I haven't used the Feldgrind for Sowden as yet (mostly on drip duty & not being adjusted for a good while yet). @PPapa, you say the body is "heavy"? Are you getting visible silt in the cup? I'd grind just coarse enough to keep this to a light dusting at most, if this clamps extraction then sieve out the boulders (hopefully not necessary). May be looking 0.6 to 0.75mm average grind size (my Feldgrind seemed to be about 0.5mm at 2+0).


----------



## PPapa

MWJB said:


> I haven't used the Feldgrind for Sowden as yet (mostly on drip duty & not being adjusted for a good while yet). @PPapa, you say the body is "heavy"? Are you getting visible silt in the cup? I'd grind just coarse enough to keep this to a light dusting at most, if this clamps extraction then sieve out the boulders (hopefully not necessary). May be looking 0.6 to 0.75mm average grind size (my Feldgrind seemed to be about 0.5mm at 2+0).


Ah, maybe I'm just imagining then. It worked quite well with many beans. No visible silt as I discard first 50g (oils) and last ~80g.


----------



## MWJB

PPapa said:


> Ah, maybe I'm just imagining then. It worked quite well with many beans. No visible silt as I discard first 50g (oils) and last ~80g.

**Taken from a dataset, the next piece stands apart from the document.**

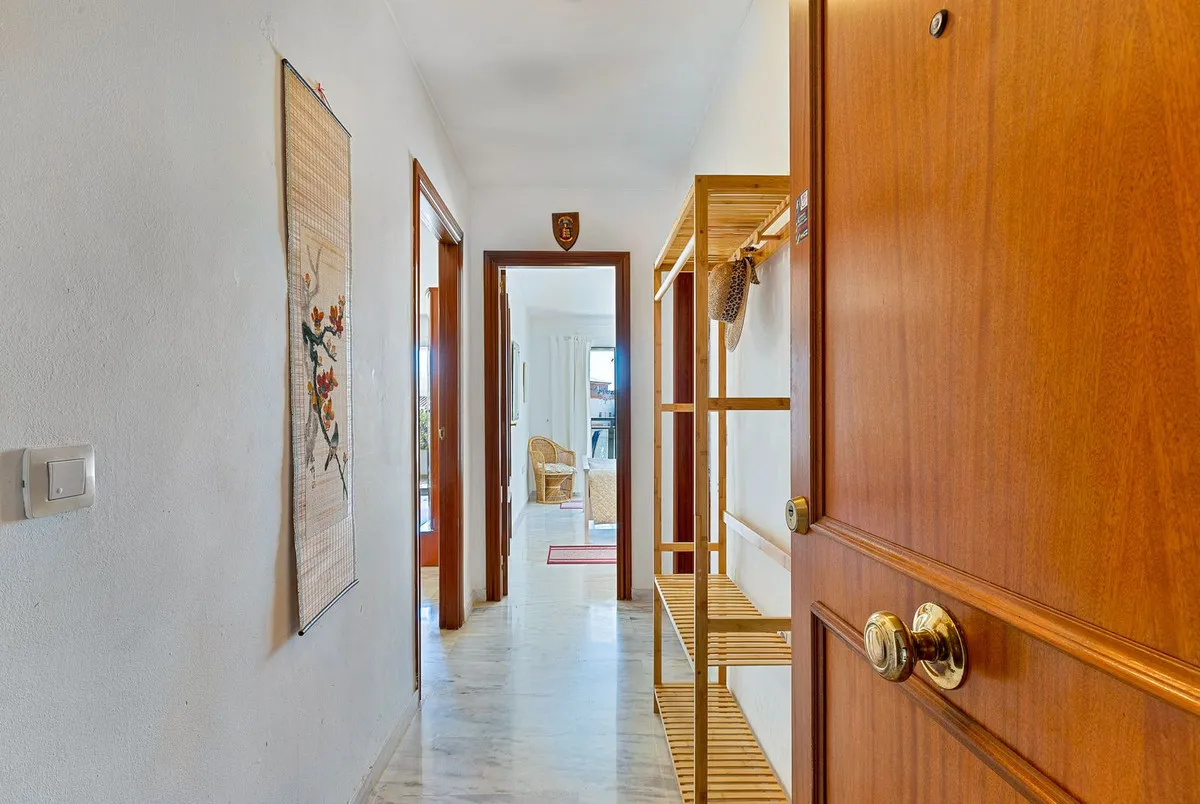 ce9e55a2-08d4-412b-883c-d6d47fc4a8b0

Cool, then you may have scope to go finer?


----------



## Hairy_Hogg

Do we need more guesses before the great reveal on these beans? I have enjoyed via most brew methods (not tried as an espresso due to machine being in storage ATM) and to be honest would look to buy some more of these in the next 5 days as I have finished the first bag.


----------



## johnealey

Reminds me of last years foundry Rocko mountain but with something tea like in the background possibly Harrar? (going with the whole Ethiopian vibe)

Its that boozy fruity vibe of a natural heading me off down that road but equally was very wrong about the Rave San Pascual which was from the other side of the globe.

All the above based on a sniff of the bag and a really fine grind (R120, turkish area)/ longer than normal pour of an 18.3g in 37g out in 47s (inc 8 sec preinfusion on the conti) then made into a flattie.

As espresso (quick sip) floral over riding element, with milk added, bang theres the rocko mountain fruits but with a slight tinge of tea almost earl grey or bergamot in the background which could just be down to not dialling it in yet ( used the same settings on the R120 as had for an own light roasted natural Nicaraguan microlot whcih was dropped just as first crack getting going at 9m38!)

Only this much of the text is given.